## Task item
The lines to extract run from the first line of the entries through the line that contains "Powerbank 10000mAh Muvit"; reproduce exactly those lines and no others.

## Brief descriptive captions
^^^^^^^^

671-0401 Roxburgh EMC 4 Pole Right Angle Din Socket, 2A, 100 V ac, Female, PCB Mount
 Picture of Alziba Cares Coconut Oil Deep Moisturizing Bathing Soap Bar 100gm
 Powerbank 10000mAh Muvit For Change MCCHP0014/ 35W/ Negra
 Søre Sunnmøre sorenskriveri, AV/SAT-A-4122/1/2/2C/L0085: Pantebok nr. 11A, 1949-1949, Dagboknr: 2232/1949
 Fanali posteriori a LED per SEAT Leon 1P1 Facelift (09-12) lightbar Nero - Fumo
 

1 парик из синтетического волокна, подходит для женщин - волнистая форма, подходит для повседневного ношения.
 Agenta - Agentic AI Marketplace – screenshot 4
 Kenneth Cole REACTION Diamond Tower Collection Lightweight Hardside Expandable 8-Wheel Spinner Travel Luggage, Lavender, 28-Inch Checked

^^^^^^^^

## Response to this task
671-0401 Roxburgh EMC 4 Pole Right Angle Din Socket, 2A, 100 V ac, Female, PCB Mount
 Picture of Alziba Cares Coconut Oil Deep Moisturizing Bathing Soap Bar 100gm
 Powerbank 10000mAh Muvit For Change MCCHP0014/ 35W/ Negra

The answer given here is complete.